I believe there are certain key moments during the “break-in” which all aspirant fiction writers secretly dream of: the first acceptance letter, the first contract, the first paycheck… the first galleys.
Today I got a copy of my galleys for my novelette, “Outbound,” which I had originally submitted to Writers of the Future for Q1 of vol. XXVI, and which did not Place, but which went on to sell to the very next market: Analog Science Fiction & Fact. In many ways, selling “Outbound” feels like an even bigger victory than winning Writers of the Future — no dis on WOTF, it’s just the first time I went up against long-time pro competition, and got a W! — so I was greatly anticipating being able to peruse the galleys. In fact, I’d deliberately not re-read the manuscript, following its submission to Stan Schmidt in November of 2009, just so that I could read it ‘fresh’ in galley form.
NOTE: for those who aren’t in the publishing-geek world, a GALLEY is like a prototype copy of your book or story, formatted roughly in the same fashion as it will be formatted at final publication. Copies of the galley are sent to the author for proofing: the author reads the galley, checks spelling, looks for mistakes, missing words or sentences, and so forth. Corrections are then returned to the publisher, who then proceeds to make fixes prior to actual publication.
Having rubbed up against established authors, I’d always been envious of the nonchalant, almost cavalier way in which they often said, “(sniff) Oh, yeah, I’m so behind, I have to buckle down and go through my galleys. What a chore!” Wow, how greatly I coveted having such a problem as that!
Well, lemme tell yah folks, looking at the galleys for my novelette, I am tickled baby blue all over again. This is more fun than human beings should be allowed to have. Oh, I am sure after the tenth or the hundredth set of galleys, yah, it gets old. But this is my first set. Mine! And later this summer, I should get a second set for my Writers of the Future story, which is going to hit store shelves at almost the same time as my Analog story. So it’s turning out almost like having two stories sold and published at the same time. In world-class publications. That will be across the U.S. in Big Brick stories like Barnes & Noble, and show up in mailboxes of subscribers.

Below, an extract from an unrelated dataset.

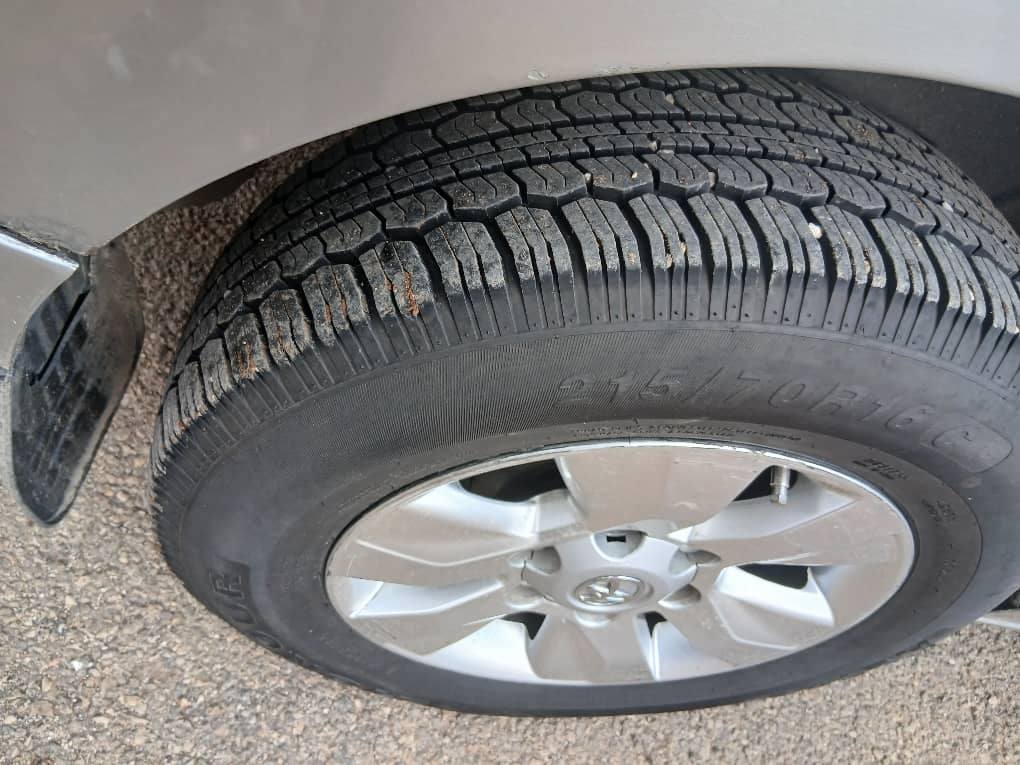 هيونداي H-1 2013 - صورة 3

Like I said, more fun that humans should be allowed to have.
For all my aspirant fellow travelers, friends, compatriots… This is worth it. It’s worth all the rejection and the waiting and the nervousness and the depression and all the years spent wondering if I’d ever make it. I’ve got printed copies of my galleys, and I’m just giddy. And satisfied all to heck, in a way I am not sure I’ve ever been satisfied before. I feel like running to the roof of my office and waving my galleys at the sky and yelling, “Yeeeeeaaaahhhhhhhhhh!”
Keep working, you all who don’t yet have galleys. The only difference between a writer who doesn’t ever have galleys, and one who does, is that the writer who does have galleys never gave up, never quit, and never stopped putting in the hours or trying to get better.
It can be done! Never let anyone say otherwise. It can be done.